Provenance research at machine scale
Roughly 100,000 of the ~600,000 artworks looted in Europe between 1933 and 1945 are still missing. The evidence to find many of them already exists — seizure cards, depot inventories, auction catalogs, restitution files — but it is scattered across dozens of archives, in different languages and numbering systems. No person can hold it all at once. A machine can.
The Provenance Project reads these records, extracts who-owned-what-when as structured claims, and assembles them into a single knowledge graph — then reasons across it to surface evidence-cited leads: a work documented as seized, with no documented return, that may match something hanging in a museum today.
Each step is a claim backed by a specific document; the dashed span is the open question the record leaves unanswered. See the full case below.
It is a restitution-research instrument. It proposes matches between documented seizures and present-day locations, and every link in the chain cites the original scanned record. Researchers, families, archives, and institutions can follow each trail and judge it themselves.
The framing is deliberate: this is the careful, evidence-first work of provenance research, accelerated — not treasure hunting.
It is not a verdict machine and not a rumor generator. The AI proposes, ranks, and cites; people verify. A lead with no document trail is not a lead.
Falsified provenance was a deliberate wartime and post-war practice. So when sources contradict each other, the system treats the contradiction as a signal worth a human's attention — not noise to smooth over.
Method
Most databases store facts and overwrite conflicts. Provenance can't work that way — the historical record is full of deliberate lies, gaps, and disagreements. So the graph stores claims: each one carries the document it came from, a confidence score, and a citation back to the scan. Competing claims coexist. Identities are never hard-merged; "this is the same object as that" is itself a scored, reversible edge. A false merge would manufacture a false lead — the discipline that prevents it is what separates a research tool from a generator of plausible fiction.

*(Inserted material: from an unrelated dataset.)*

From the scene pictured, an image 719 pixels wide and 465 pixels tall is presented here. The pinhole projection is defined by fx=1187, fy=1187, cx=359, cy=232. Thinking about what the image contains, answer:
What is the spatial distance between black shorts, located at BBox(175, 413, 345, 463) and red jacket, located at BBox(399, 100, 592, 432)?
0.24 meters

Graph analytics do the heavy lifting that no reader could: collective entity resolution that links the same painting across archives despite different titles, languages, and inventory numbers; custody-gap detection — every work documented as seized with no documented return; laundering-motif matching borrowed from anti-money-laundering analysis and pointed at the 1940s art market; and dealer-network centrality, which doubles as a map of which archive to digitise next. Read the full methodology →
Worked example · verified against the primary source
The French state holds La rue Saint-Rustique à Montmartre, a Maurice Utrillo street scene, in trust as an MNR work — recovered to France after the war, its pre-war history never fully established. The official record jumps from Paris to a Cologne art society in January 1944 with no explanation of how the painting entered Germany.
Cross-referencing the Getty Provenance Index against that gap, the engine found the painting offered for sale at Commeter, Hamburg, on 20 November 1937 (lot 288, consignor withheld), and again a year later. To check the match, we pulled plate I of the digitised 1937 catalogue from Heidelberg University's IIIF service: it is captioned "M. Utrillo. Nr. 288" and matches the museum's own photograph of the painting element for element — the buildings, the figures, the signature placement.

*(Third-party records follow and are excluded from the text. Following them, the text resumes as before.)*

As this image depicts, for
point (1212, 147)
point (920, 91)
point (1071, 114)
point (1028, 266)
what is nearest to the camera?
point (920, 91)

That auction appearance is a concrete, previously unconnected step toward the painting's wartime path — sourced entirely to public records, and checkable by anyone. It is presented as a documented lead, not a conclusion: who consigned it, and how it reached Cologne, remain open.
Private collection, Paris — to 1937. Held today at the Centre Pompidou.
Commeter, Hamburg, 1937 & 1938 — "aus Privatbesitz". Getty PI record + Heidelberg catalogue plate.
Cologne, 1944 → repatriated to France, 1949 → assigned MNR custody.
The graph is built from openly-licensed records — bulk datasets and public archives, no scraping behind logins. Today it spans about 3.5 million records across seven sources, and is growing.
| Source | What it provides | Access |
|---|---|---|
| Getty Provenance Index | 1.8M art-market sale records, incl. the German-speaking market 1900–1945 | CC0 |
| French MNR / Rose Valland (POP) | 2,456 never-restituted works recovered to France | open |
| Joconde (musées de France) | 1M museum objects; 612k with former-ownership data | open |
| Art Institute of Chicago | 134k works incl. 15.7k published provenance narratives | CC0 |
| The Met | 485k works with credit-line / accession data | CC0 |
| Wikidata | ~70k paintings as a cross-archive identity hub | CC0 |
| Getty Knoedler stock books | 40k dealer records (US market, to 1971) | CC0 |
Next, through partnership and public APIs: US National Archives recovery records (Munich Central Collecting Point property cards, ALIU reports), the German Lost Art Foundation registry, Dutch and Arolsen holdings.
Early results, stated carefully.
Every published claim is reproducible from its cited sources. Identities are never silently merged. Contradictions are shown, not hidden. Calibrated language throughout: "offered at auction in 1937" is a fact with a scan behind it; "looted" is a legal conclusion we do not draw.
A name in a provenance line is a research signal, not proof of wrongdoing — many dealers were legitimate, and the despoiled were victims. AI extraction and matching make errors; that is why sources are always shown and people make the final call. We do not speculate about present-day private owners.